I gave up. It was a long drive to where I was going. As I drove, two emotions came over me. One was hope. I just hoped and hoped that whatever she had to say would not be said when there was a punchline. Sometimes it wasn't. And sometimes it was. There was a slight dimming of the comedian's volume just before she would begin to speak, as if she were taking over the microphone, so at least I had some advance warning. It sort of softened the blow.

The other emotion was that I was really, really getting upset at this woman's desire to get me back on track to where she was supposed to lead me. I wished I could remember the last destination my friend set up. If I listened to her closely, maybe I could figure it out. It was, clearly, a destination west and south of where we were. As I went north and east, she kept urging me to head south and west. She had crafty ways. Turn here and you can go around the block. Go ahead 2.1 miles and there's Swamp Road, and you can turn west there.

I went to the party. I wasn't much fun. "Something bothering you?" somebody asked me. "No," I said. But it was a lie.

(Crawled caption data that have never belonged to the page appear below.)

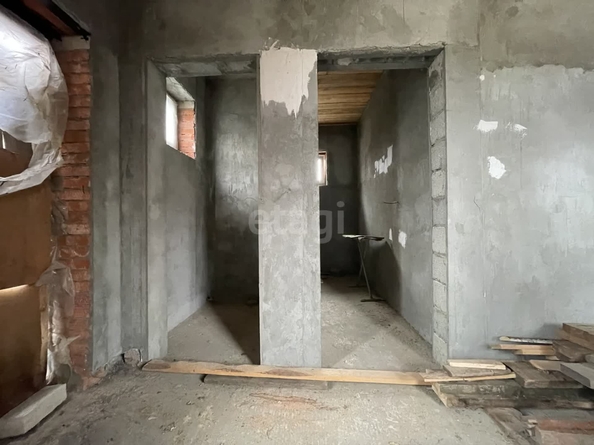 
  Продается дом 101.7 м². Фото 16.
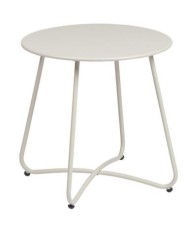 Tavolino Austin D45 Bizzotto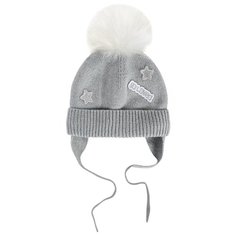 Шапка Gulliver Baby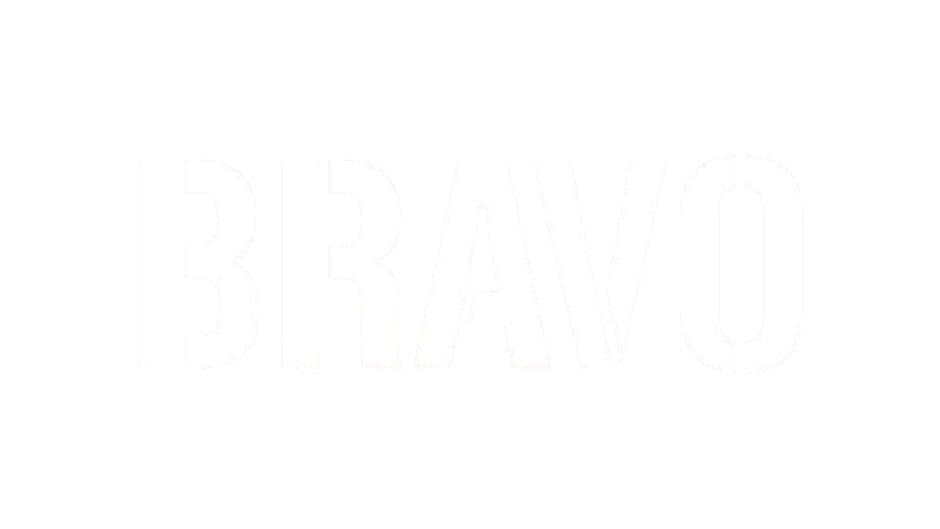 Bravo artwork 2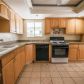 2402 El Tesoro Court, Henderson, NV 89014 ID:15720235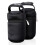 Tommee Tippee TOMMEE TIPPEE Sac Isotherme pour Biberon X2 7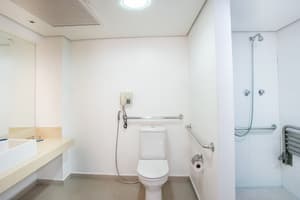 thumbnail: Bathroom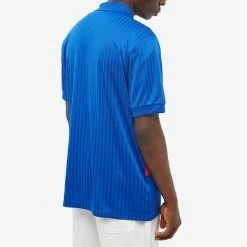 Adidas Italy Icon Jersey -Vendite Pangaia 24 02 2023 BLR HT2187 8 1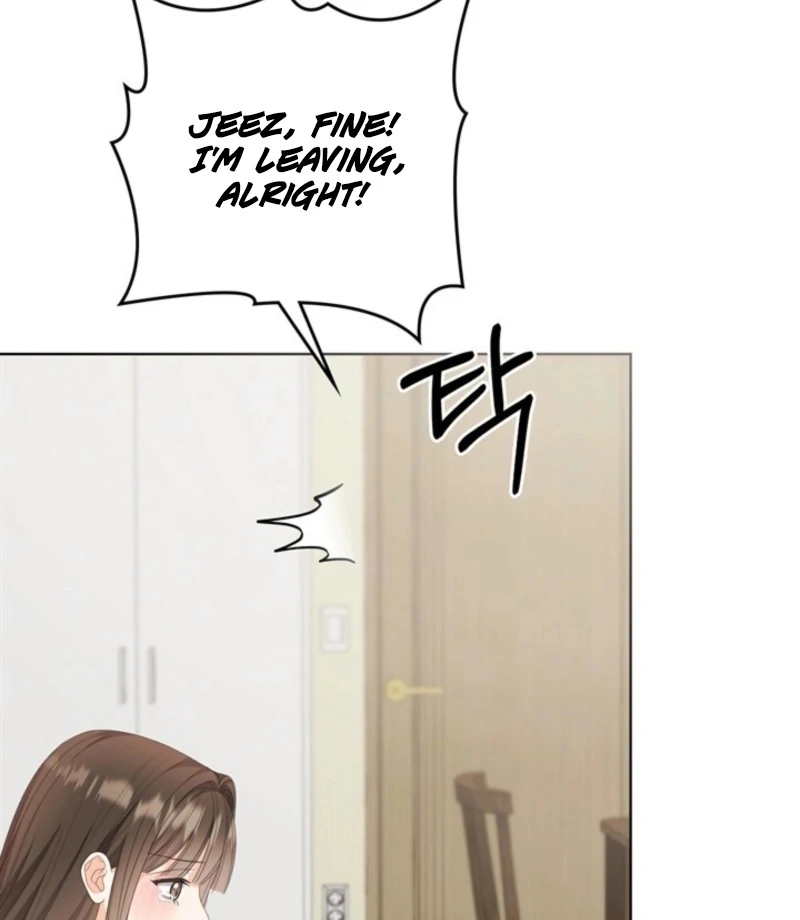 Overtime Chapter 30 - Page 120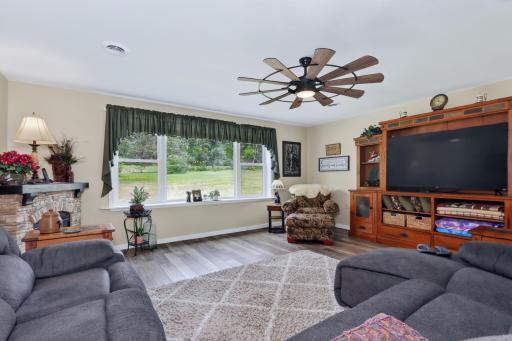 32900 Wabana Road, Grand Rapids, MN 55744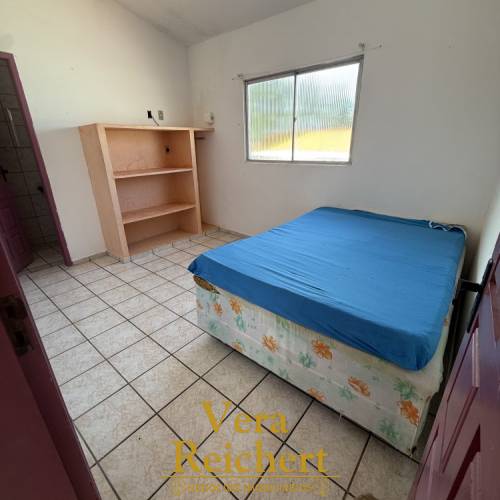 CASA A VENDA - BARRA DO RIO - EXTREMOZ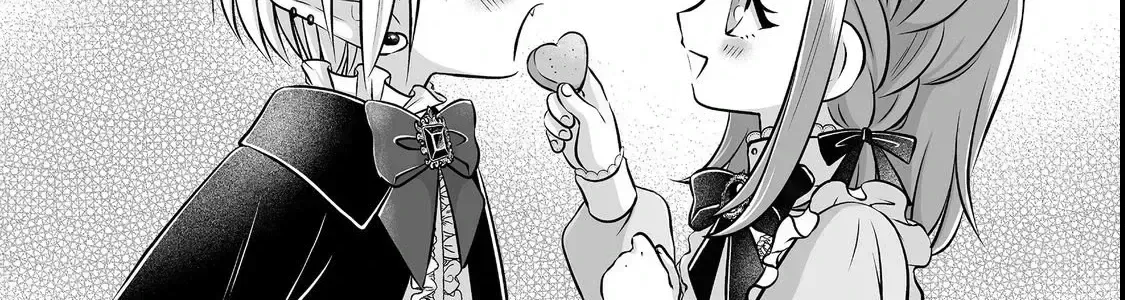 Hang in There, First-Time-Life Young Lady! Chapter 4.7 page 32 - 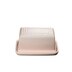 LE CREUSET BUTTER DISH MERINGUE by Le Creuset Food Storage Gifts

After the party, on the way down the gravel driveway to the car, I remembered that the day before the navigation lady had periodically said we had arrived at the destination, and that the navigation system was turning itself off.

What I'd do, I thought, was re-set the navigation destination to where I was. Then, since we had arrived at this destination, it should shut her up.

I got in the car and pressed some buttons to try to do this. I tried and tried. I was getting nowhere. And then, suddenly, something came up on the computer screen that made my heart leap. It was a slide bar with two words above it. NAVIGATION VOLUME, it said. At one end of the bar was a circle with the word "louder" under it. At the other end of the bar was a circle with the word "softer" under it. There was a vertical thing along the bar. I touched it and could make it move. I took it all the way over to softer.

And I haven't heard her since.

It's been four days now. I know she's in there, still trying to get me over to Southampton or Sagaponack or somewhere, because none of my computer-literate friends have been in the car yet.

You know the words to Peter and the Wolf? Where, at the end, as the hunters march proudly home, if you listen very hard, you can hear the duck quacking softly in the wolf's belly?

I imagine her, maybe 55 years old, inside my dashboard, a piece of tape across her mouth, still politely urging me to make the next available U-Turn.

Mmmnnnth. Mmmmmmmmmm. Mmmmff.

I kinda like that. And the comedians come through fine.